端佑帝端坐在椅子上,手里握着百里加急送过来的折子,越看上面的内容,他的脸色越沉,“冀州失守,瀛州失守,朔州失守”他每说一句话,脸色便越沉。
等说到最后,再也忍不住。
手上的折子往底下砸,厉声骂道:“饭桶,都是饭桶,他们都是做什么吃的,连夏国的几万兵马都扛不住?!林尉,你这个兵部尚书是怎么当的?”

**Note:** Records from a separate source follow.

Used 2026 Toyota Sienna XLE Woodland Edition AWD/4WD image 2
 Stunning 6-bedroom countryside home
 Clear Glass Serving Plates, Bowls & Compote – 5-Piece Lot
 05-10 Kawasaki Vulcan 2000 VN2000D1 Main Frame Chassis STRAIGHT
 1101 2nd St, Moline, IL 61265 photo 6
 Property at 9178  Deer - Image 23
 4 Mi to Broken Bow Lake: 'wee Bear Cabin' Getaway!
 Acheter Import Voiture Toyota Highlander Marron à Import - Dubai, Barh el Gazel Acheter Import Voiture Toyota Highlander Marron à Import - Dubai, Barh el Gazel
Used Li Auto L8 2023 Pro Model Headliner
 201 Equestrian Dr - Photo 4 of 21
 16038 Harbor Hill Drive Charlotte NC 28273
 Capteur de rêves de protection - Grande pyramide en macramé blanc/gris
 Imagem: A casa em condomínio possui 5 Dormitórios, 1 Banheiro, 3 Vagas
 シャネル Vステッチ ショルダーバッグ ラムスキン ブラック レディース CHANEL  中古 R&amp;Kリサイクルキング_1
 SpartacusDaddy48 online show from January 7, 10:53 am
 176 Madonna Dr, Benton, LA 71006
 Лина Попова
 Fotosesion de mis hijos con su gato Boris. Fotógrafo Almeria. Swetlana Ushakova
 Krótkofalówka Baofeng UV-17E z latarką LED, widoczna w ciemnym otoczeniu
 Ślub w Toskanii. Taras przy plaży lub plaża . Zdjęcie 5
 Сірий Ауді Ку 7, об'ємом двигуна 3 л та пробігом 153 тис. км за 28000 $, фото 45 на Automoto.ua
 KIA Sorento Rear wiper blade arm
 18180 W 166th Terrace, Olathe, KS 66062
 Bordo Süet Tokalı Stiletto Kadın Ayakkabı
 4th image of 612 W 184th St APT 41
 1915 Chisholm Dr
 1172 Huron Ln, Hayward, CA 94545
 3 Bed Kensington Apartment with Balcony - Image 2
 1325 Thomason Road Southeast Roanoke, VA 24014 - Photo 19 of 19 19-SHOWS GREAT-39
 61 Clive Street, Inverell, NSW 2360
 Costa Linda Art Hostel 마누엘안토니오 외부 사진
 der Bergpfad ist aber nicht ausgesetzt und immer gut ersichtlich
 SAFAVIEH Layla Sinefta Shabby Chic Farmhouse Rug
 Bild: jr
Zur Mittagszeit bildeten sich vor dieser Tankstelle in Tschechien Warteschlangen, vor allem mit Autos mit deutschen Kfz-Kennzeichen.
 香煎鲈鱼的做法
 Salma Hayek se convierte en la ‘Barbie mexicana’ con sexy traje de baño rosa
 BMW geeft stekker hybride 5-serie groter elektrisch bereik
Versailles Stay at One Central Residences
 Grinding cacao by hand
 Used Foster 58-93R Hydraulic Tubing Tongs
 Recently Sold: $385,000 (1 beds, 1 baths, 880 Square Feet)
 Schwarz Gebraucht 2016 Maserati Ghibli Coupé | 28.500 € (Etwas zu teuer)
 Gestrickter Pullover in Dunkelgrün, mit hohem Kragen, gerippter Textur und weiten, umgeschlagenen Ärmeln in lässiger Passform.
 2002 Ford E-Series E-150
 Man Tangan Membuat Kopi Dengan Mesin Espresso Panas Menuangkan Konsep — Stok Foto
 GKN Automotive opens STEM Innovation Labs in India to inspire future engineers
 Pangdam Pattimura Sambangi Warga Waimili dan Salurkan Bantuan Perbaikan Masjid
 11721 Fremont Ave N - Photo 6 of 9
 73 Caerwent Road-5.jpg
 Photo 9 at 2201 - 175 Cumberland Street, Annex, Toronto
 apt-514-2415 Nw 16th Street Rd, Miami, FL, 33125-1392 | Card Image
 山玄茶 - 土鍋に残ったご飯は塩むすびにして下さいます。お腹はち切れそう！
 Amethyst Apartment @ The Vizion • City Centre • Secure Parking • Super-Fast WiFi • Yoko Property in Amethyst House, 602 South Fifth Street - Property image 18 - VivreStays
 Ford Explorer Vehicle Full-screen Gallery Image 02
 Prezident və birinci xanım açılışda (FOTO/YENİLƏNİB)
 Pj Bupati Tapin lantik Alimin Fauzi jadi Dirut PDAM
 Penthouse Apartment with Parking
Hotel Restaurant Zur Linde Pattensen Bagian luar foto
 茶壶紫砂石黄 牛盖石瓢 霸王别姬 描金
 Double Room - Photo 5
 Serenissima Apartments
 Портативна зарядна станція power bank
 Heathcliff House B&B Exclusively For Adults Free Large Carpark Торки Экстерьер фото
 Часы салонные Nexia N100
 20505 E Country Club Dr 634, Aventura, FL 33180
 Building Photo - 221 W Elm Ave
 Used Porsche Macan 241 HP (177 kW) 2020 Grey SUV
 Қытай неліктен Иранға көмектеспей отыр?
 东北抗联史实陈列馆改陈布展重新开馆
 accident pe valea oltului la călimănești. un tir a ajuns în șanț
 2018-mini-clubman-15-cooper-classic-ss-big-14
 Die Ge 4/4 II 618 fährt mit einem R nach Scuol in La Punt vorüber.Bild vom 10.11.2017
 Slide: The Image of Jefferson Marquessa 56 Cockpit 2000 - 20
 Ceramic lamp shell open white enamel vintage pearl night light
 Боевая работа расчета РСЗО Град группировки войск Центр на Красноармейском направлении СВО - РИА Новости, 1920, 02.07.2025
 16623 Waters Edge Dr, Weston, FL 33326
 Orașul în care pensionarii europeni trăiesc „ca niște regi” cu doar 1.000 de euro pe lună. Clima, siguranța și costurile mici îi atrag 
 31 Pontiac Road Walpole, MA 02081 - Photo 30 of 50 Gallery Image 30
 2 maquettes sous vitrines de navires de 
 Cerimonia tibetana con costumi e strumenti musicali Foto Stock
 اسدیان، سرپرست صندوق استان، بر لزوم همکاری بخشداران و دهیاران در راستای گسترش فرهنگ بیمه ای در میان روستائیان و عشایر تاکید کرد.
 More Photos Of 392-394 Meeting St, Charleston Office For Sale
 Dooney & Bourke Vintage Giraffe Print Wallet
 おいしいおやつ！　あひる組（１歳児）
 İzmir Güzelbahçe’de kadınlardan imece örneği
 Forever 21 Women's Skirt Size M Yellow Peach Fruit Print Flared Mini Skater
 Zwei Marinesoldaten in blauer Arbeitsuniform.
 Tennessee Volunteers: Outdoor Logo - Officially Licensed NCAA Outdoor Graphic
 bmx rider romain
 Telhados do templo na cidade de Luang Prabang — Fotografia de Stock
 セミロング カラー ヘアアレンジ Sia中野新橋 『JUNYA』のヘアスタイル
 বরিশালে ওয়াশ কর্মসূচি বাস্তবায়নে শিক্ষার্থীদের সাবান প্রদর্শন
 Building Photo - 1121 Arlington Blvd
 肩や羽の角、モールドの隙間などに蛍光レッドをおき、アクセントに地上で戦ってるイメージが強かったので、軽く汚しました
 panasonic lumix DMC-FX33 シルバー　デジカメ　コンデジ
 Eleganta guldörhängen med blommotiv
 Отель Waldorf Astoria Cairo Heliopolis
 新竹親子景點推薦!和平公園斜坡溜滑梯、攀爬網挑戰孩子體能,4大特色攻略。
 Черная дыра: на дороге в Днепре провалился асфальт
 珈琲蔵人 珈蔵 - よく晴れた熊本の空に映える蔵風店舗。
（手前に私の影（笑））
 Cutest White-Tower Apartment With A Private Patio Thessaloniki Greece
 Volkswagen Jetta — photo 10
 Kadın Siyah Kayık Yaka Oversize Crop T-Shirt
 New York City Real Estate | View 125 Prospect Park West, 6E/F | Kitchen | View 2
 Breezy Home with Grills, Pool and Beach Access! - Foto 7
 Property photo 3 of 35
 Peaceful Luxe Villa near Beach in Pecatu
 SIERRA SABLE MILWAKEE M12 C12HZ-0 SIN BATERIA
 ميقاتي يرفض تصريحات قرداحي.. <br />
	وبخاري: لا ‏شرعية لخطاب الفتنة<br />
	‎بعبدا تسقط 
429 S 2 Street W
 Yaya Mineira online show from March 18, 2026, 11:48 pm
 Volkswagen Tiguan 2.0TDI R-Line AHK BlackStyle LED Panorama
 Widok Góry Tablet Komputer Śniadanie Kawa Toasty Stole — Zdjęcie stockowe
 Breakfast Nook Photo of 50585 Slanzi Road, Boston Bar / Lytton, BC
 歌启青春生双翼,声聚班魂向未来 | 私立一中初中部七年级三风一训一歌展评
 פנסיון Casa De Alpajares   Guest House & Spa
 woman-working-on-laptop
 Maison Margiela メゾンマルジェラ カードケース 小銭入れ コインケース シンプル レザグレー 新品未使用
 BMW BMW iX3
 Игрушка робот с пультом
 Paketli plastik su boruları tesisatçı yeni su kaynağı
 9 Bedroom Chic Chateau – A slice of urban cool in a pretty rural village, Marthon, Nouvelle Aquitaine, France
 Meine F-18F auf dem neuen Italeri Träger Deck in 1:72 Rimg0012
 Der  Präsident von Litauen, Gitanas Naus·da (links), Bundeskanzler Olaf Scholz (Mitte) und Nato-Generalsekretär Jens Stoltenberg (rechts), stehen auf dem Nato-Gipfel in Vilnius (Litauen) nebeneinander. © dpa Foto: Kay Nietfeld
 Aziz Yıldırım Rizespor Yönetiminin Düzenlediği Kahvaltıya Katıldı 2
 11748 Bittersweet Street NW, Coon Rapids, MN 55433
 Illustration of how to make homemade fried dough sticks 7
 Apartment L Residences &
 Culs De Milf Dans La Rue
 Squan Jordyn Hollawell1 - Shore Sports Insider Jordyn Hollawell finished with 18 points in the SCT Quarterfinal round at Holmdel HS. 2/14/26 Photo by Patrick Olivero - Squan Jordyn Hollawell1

林尉面色发白,往前几步,拱手道:“陛下,夏国兵马虽然少,但顾辞顾辞早年有游历的经验,对于大燕的地域十分了解,他又是趁大家不备偷袭。”
“所,所以”
明明是寒冬腊月,可他却满头大汗,说话也变得越来越磕磕巴巴。
端佑帝沉着脸,斥道:“朕不是来听你说废话的,你就说,现在怎么处理?”
“这”
“怎么?”端佑帝见他这幅样子,脸色黑如墨,“我大燕难不成还没有能迎敌的人?”
“陛下,顾辞如今所在的区域当初是由陆都督统辖,这一年虽然另指派了徐将军过去,但他毕竟年迈,恐怕不敌顾辞的兵马,若是从京中或者其他地方调任,对西北地形不熟”林尉低声答道。
“其实顾辞所言”
他这话还未说完,端佑帝就立刻拉下了脸,直接拿着一旁的杯盏往底下砸去,“放肆,我泱泱大燕,何惧大夏这个蝼蚁小国?”
他往底下看去:“有哪位爱卿愿意领兵前去?”
众人左顾右盼,却都没有应声。
端佑帝见这幅画面,气得直接红了脸,他连称三个“好”,最后手撑在扶手上,冷声道:“没有人去,朕就亲自去!”
“朕就不信”
他一边说话,一边起身。
但不知道是不是用力过猛,还是近来没有休息好的缘故,猛地一起身,身子就往后砸去。
“陛下!”
“父皇!”
端佑帝由李德安扶着坐稳,脸上的神色却不复先前,反而有些茫然和怔忡,他突然意识到,他是真的老了可他纵然老了,也不可能向别人认输!
更不可能如顾辞所愿,写下罪己书!
他沉着脸,看着底下,想着谁能去迎战,可看了许久,也找不出一个合适的人选,就在这个时候,外头突然传来一声禀报:“五军都督陆重渊请见陛下。”
这一声通传,犹如平地乍起的惊雷。
刚听到的时候,大家还没有反应过来,等反应过来,一个个都忍不住嘀咕起来。
“谁?”
“陆重渊?”
“他怎么会来?他的腿不是废了吗?”
端佑帝也有些纳罕。
不过他还是点了点头,李德安会意,扬声道:“宣。”
没过多久。
殿门外头走进来一个人。
他穿着一身绯色朝服,腰系玉带,手拿笏板,逆着光打外头一步步进来,在众人或是震惊、或是不敢置信的目光中,一步步走到正中间,而后面向龙椅上的男人,淡淡道:“臣请旨,迎战。”——
作者有话要说:
酱。
明天见。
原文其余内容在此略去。